I will not lie. Up at 6 am, Friday was a struggle to get through. So much so that I despaired as to how I was going to manage Hillside Festival on Saturday and seeing the Temperance Movement at the Toronto Festival of Beer on Sunday. (And then back to work on Monday). It didn’t help that the temps were in the mid thirties (degrees Celsius) with the humidity making it feel like the forties. And both events were outdoors.

So Mizz J and I did the wise thing. We went to Hillside fairly early and left fairly early too – the heat and humidity were relentless and no amount of shade, breeze or misting could alleviate it – only make it barely tolerable.

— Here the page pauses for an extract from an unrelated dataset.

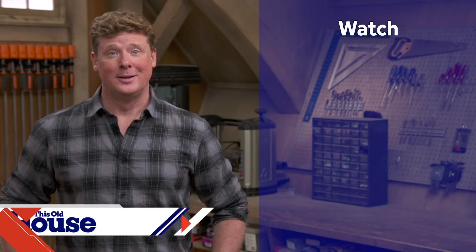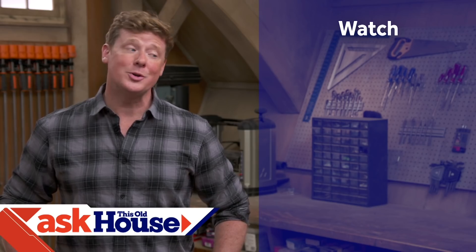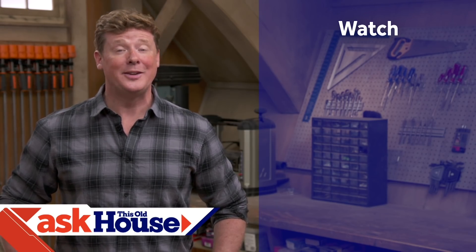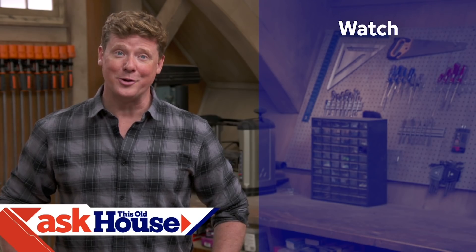Thanks for watching. This Old House has got a video for just about every home improvement project, so be sure to check out the others. And if you'd like what you see, click on the subscribe button to make sure that you get our newest videos right in your feed.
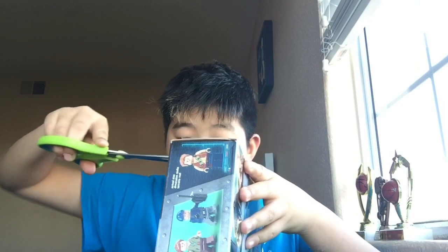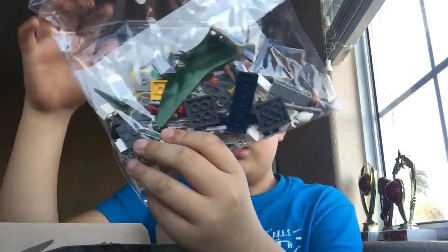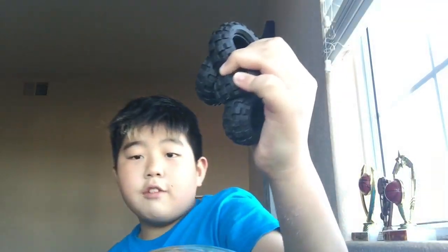Let's unbox this thing. Bag 3, Gallimimus, instruction manual, another instruction manual. Bag 1, Bag 2, stickers, and 4 wheels.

Junkanoo at Hillside – they must of been dying in those costumes!
Mizz J in the Misting Tent
Mizz J in the Misting Tent right after we arrived
View of the Main Stage
View of the Main Stage – notice the parched grass
Loved the Inclusivity of Hillside
Loved the Inclusivity of Hillside
Many more folk than this in the water as the day went on.
Many more folk than this in the water as the day went on.
Adorning the Henry Kock Bike Lot
Adornment of the Henry Kock Bike Lot – I once took a gardening course with the late, great Mr. Kock

I really enjoyed the relaxed, inclusive and friendly vibe of Hillside. I kinda felt like I had found my tribe. Mizz J and I took in several workshops as well as overhearing some performances as we wandered around, trying to stick to whatever shade was available. I would go again, but this time take my bathing suit and maybe even camp there for the weekend.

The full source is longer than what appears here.